Господин в котелке, иронически слушая меня, довел бы меня до ближайшего полицейского поста и сказал бы:
— Отвезите, пожалуйста, этого странного русского в больницу для умалишенных. Он, вероятно, начитался каких-то бредней и вот с ума сошел, все ужасы всякие выдумывает…
Прогудел автомобиль и смолк за углом. То подымая, то опуская невидимые крылья, кружилась белая ночь. В залитой зелено-лиловым светом комнате безропотно плыли чьи-то слова о том, как сбрасывали в море людей, а когда они цеплялись руками за борт, рубили им пальцы.
Часы стали. На половине первого. Будто не выдержало время русской боли, безумия русского и остановилось в эту призрачную ночь, чтобы запомнить навсегда, затвердить наизусть, записать где-то высоко над нами всю нашу бесконечную муку.

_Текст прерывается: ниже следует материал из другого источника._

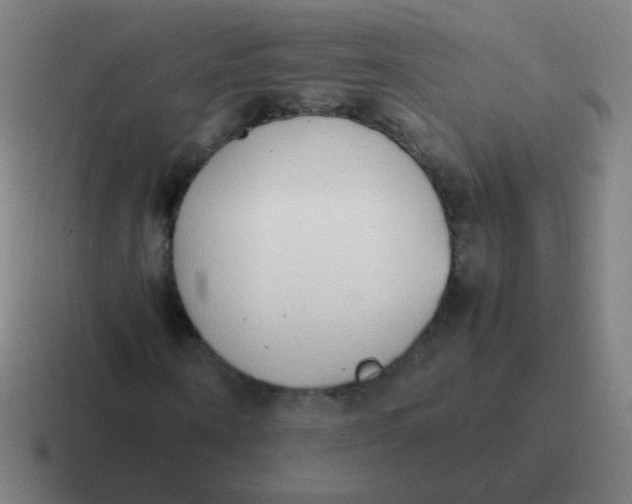 X0000116840866200912312053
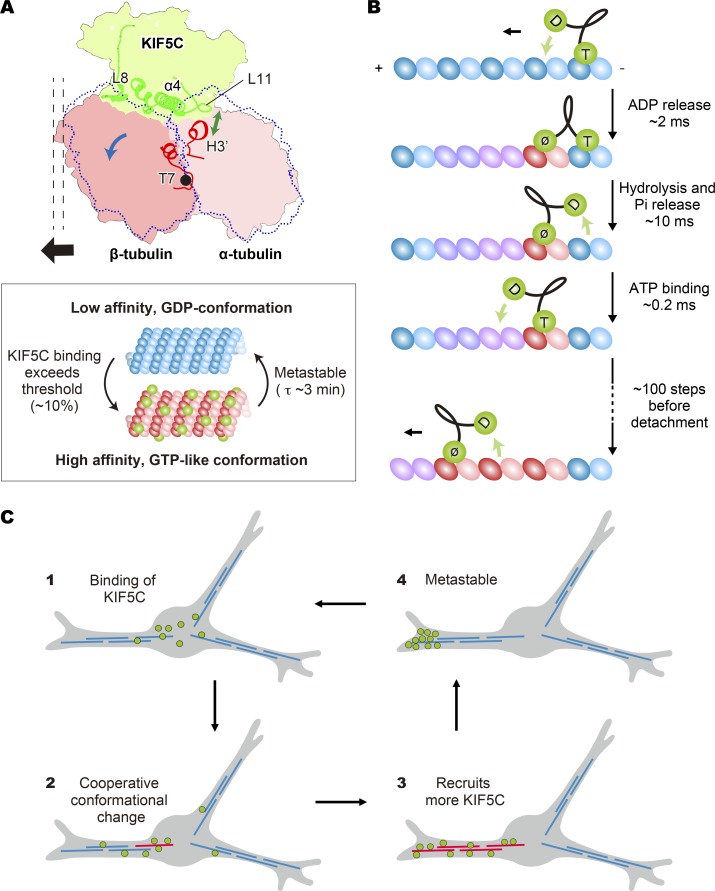 Figure 10.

(Новые русские вести. 1924. 18 июня. № 147)
Новые годы
(страницы из дневника)
31 декабря 1917 года.
Если много думать о счастье, если очень хочется счастья, оно начинает сниться. Если цепко верить в счастье — слышен шелест его крыльев.
Вчера мне снилась огромная птица с такими нездешними глазами, что под ее сверкающим взглядом на снегу, сухом и бескрайнем, расцветали цветы, тоже неземные, странные. Радужным парусом плыла волшебная птица по синему морю неба, в человечьи сугробы сыпала Божьи жемчуга. Я низал их в длинное ожерелье, целовал их бледно-розовые угольки, перебирал, как четки.
Вчера мне снилось странное счастье. И потому так гулко стучит сегодня непростительно молодое сердце. И потому так доверчиво следят наивные глаза за часовой стрелкой, бегущей к двенадцати.
Прогрохотал год, непохожий на другие. Чья-то неумолимая рука вздернула весь край мой вспененный. Многое сгибло, многие.
Но та же тихая жизнь ходит по улицам-просекам южного городка. Сонный сторож бьет в сонную доску. Так же горят звезды.
Желтые языки свечей у пианино в желтой комнате — те, что и раньше. Светлое золото в заветной бутылке шампанского — ах, как мне дороги сегодня все буржуазные предрассудки — остро искрится.
Пусть — революция. Молодость и безрассудная жажда выше мировых сдвигов. Мягким баритоном поют часы: 12. Звенит стекло, голоса звенят…
— С Новым годом, мама, все вы, близкие, верящие! С Новым годом, все дальние, невидимые! С Новым годом, Русь бурлящая! Вселенная, с Новым годом!..
Вчера мне снилось такое странное счастье…
31 декабря 1918 года.
Кто сегодня власть, разве важно? Разве важно, что вчера, изрезав морозную тишь дробью выстрелов, в ночь истории ушли петлюровцы, сменившие высокородного пана Гетмана!
И что завтра нетрезвой лавой разольются по улицам-просекам старосветского городка — большевики.
Мы все теперь нетрезвые… Не то от самодельного вина из черной смородины, мутного и кислого, не то от слишком быстрого бега событий, не то от нудной долгой усталости. Не разберешь.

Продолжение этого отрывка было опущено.